In Ray 2.51, Ray Train now allows you to asynchronously validate the model in a separate Ray task. This means you can
Run validation in parallel without blocking the training loop, leading to higher training goodput
Run validation on different (cheaper, less efficient) hardware than training
Easily scale out the validation using Ray Data or Ray Train
Leverage autoscaling to launch machines only for the duration of the validation
Read more about asynchronous checkpoint validation in the documentation.
1def validate_fn(checkpoint, config):
2 ...
3 return {"score": ...}
4
5def train_fn(config):
6 ...
7 ray.train.report(
8 metrics,
9 checkpoint=checkpoint,
10 checkpoint_upload_mode=ray.train.CheckpointUploadMode.ASYNC,
11 validate_fn=validate_fn,
12 validate_config={"dataset": ...},
13 )Ray Train now offers a JaxTrainer API, which enables seamless scaling of distributed JAX training to TPUs.

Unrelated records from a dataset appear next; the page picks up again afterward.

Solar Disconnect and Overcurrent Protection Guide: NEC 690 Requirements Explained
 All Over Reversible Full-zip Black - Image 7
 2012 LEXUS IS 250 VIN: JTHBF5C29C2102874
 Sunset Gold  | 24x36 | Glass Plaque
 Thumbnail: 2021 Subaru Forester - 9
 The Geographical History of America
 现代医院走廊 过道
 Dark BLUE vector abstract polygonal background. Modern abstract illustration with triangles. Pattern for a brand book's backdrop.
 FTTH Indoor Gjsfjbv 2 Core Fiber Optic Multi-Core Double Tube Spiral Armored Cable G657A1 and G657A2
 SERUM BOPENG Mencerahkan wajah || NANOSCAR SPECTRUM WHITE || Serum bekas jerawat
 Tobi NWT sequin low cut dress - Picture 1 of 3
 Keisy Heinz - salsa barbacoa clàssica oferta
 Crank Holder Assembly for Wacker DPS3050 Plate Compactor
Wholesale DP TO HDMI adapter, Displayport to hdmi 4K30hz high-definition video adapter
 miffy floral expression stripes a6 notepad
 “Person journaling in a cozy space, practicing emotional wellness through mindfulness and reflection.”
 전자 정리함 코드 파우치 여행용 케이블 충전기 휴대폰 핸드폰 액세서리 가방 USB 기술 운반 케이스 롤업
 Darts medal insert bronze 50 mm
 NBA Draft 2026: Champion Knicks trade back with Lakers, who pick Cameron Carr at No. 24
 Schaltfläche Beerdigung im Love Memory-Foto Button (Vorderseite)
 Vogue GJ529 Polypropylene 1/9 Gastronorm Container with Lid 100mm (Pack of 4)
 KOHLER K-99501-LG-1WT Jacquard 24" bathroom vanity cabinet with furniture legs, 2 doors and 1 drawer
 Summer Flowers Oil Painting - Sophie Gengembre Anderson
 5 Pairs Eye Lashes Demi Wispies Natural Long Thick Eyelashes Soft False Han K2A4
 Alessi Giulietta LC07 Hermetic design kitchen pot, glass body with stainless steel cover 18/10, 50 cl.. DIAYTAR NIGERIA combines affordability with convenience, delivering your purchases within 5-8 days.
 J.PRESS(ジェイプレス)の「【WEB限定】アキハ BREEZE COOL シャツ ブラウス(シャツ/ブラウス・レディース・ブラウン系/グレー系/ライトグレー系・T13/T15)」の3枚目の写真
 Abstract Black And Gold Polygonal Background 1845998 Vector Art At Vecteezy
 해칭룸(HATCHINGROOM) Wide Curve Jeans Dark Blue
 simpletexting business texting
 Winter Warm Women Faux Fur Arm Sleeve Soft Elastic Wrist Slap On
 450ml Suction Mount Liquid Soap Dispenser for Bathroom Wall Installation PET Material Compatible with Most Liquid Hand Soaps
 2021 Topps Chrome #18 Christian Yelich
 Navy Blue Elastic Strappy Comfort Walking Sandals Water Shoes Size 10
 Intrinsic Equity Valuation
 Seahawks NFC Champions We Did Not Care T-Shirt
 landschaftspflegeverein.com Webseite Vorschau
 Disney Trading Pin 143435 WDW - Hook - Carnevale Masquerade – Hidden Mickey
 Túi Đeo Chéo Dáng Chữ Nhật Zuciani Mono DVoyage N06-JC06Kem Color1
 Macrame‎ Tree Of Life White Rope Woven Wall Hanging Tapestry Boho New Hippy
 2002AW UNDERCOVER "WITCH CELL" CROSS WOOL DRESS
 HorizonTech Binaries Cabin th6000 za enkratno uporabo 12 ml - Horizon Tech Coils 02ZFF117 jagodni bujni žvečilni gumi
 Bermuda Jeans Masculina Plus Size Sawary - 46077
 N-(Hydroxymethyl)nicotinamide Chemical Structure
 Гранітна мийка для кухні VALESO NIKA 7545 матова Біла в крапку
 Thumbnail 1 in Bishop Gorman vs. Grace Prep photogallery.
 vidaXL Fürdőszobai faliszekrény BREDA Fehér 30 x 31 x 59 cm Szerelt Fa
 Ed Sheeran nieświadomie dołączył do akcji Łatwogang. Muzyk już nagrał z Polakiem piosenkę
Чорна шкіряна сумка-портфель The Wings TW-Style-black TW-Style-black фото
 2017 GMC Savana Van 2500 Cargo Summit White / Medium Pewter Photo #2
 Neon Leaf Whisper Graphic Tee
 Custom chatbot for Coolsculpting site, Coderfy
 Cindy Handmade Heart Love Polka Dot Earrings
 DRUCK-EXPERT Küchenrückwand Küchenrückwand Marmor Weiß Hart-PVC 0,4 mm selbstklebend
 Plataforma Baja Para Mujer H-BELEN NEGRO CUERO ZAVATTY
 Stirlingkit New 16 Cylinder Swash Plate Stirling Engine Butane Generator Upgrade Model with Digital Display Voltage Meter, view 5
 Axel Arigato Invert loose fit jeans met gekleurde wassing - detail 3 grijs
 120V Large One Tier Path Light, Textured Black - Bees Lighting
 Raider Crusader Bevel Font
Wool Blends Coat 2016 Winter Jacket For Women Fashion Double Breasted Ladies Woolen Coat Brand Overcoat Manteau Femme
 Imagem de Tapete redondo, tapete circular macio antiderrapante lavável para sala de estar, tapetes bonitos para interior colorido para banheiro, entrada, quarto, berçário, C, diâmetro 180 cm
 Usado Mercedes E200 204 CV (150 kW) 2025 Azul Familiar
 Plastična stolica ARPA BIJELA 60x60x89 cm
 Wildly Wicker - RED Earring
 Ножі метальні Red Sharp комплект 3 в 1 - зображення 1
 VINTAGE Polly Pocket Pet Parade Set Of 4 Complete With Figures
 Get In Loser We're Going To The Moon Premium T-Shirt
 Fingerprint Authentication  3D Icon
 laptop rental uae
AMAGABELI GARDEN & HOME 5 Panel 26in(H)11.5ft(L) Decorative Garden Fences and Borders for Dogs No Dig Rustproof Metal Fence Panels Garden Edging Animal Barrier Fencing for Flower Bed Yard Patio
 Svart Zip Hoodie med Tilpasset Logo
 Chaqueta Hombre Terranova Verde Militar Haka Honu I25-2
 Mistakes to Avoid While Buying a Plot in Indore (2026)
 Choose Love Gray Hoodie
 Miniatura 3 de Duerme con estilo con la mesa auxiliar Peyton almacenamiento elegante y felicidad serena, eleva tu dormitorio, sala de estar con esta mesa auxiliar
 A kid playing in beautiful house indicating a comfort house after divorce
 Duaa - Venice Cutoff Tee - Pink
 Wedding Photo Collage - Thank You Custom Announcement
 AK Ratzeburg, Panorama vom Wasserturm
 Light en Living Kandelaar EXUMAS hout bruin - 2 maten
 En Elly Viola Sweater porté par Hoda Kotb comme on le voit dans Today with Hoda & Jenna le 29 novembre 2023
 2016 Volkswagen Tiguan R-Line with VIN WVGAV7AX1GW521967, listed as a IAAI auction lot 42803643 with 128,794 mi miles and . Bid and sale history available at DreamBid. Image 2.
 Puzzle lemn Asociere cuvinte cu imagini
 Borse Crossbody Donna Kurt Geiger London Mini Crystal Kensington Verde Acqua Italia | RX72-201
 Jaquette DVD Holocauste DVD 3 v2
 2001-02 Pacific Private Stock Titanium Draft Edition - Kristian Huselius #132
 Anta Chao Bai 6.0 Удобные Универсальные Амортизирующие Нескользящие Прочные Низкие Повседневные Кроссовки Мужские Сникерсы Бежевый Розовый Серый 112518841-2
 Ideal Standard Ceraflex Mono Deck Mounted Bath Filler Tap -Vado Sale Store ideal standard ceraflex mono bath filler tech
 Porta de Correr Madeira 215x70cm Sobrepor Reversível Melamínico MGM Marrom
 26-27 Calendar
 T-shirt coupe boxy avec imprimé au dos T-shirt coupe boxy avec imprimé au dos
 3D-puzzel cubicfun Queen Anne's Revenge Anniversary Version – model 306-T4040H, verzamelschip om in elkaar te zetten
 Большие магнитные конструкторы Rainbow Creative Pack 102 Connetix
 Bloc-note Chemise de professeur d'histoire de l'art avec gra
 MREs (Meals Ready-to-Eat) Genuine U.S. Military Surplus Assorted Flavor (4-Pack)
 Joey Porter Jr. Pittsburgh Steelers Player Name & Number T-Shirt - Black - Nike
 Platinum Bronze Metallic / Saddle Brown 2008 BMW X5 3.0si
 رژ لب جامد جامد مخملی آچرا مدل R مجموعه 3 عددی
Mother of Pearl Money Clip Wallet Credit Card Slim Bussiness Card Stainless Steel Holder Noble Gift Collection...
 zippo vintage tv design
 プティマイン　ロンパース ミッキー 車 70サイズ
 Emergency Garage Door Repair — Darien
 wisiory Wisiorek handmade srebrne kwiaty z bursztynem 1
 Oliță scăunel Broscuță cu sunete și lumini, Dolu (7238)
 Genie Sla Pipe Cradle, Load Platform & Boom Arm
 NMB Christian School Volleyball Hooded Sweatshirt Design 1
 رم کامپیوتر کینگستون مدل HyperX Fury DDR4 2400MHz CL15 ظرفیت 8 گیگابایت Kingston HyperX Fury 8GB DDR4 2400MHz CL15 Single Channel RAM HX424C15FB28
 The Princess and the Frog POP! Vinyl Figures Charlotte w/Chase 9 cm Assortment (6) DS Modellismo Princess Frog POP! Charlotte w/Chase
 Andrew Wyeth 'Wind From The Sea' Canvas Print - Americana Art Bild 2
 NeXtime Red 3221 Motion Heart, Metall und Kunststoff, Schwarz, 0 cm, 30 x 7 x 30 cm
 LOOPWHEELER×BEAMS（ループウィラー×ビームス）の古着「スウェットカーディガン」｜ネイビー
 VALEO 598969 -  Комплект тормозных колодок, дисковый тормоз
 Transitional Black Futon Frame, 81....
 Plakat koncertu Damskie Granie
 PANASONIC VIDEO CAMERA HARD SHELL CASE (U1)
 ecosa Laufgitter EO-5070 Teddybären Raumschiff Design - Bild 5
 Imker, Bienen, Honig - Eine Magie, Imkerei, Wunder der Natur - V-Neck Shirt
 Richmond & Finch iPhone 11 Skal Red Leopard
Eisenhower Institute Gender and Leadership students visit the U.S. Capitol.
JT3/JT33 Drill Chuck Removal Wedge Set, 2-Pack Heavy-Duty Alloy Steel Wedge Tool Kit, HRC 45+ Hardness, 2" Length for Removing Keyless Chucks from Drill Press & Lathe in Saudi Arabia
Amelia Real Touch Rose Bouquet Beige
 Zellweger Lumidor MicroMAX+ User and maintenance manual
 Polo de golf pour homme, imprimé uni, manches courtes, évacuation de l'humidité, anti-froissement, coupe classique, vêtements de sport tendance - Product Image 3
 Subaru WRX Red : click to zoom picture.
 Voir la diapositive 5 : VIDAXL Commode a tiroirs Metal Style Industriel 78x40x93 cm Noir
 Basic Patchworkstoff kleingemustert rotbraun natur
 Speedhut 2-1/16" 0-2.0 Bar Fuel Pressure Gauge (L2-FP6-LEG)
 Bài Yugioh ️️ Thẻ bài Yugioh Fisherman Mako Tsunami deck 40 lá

Distributed JAX has historically required users to run in a multi-controller configuration, spawning parallel processes across each device. However, this style of execution can be hard to recover from failures and can be hard to develop against iteratively.
With this new API, users can now scale JAX workloads natively on TPUs with the same single-controller orchestration and fault tolerance as other commonly used APIs like Ray Train’s TorchTrainer and TensorFlowTrainer. Read more about JAX on Ray Train in the documentation.
1from ray.train.v2.jax import JaxTrainer
2from ray.train import ScalingConfig
3
4def train_func():
5 # Your JAX training code here.
6
7scaling_config = ScalingConfig(num_workers=4, use_tpu=True, topology="4x4", accelerator_type="TPU-V6E")
8trainer = JaxTrainer(train_func, scaling_config=scaling_config)
9result = trainer.fit()Ray Train v2 now offers a “local” mode of execution. In `local mode`, instead of the default execution strategy of running training code across multiple Ray actors in parallel, local mode executes your training function directly in the current process, without needing to change your code. This provides a simplified debugging environment where you can iterate quickly on your training logic.
Local mode supports two execution modes:
Single-process mode: Runs your training function in a single process, ideal for rapid iteration and debugging.
Multi-process mode with torchrun: Launches multiple processes for multi-GPU training, useful for debugging distributed training logic with familiar tools.
Read more about local mode on the Ray Train documentation.
Ray Train V2 lays the groundwork for the next generation of distributed training — one that’s more modular, performant, and developer-friendly. Upcoming releases will extend this foundation with enhanced fault tolerance, deeper framework integrations, and unified experiment management across Train and Tune.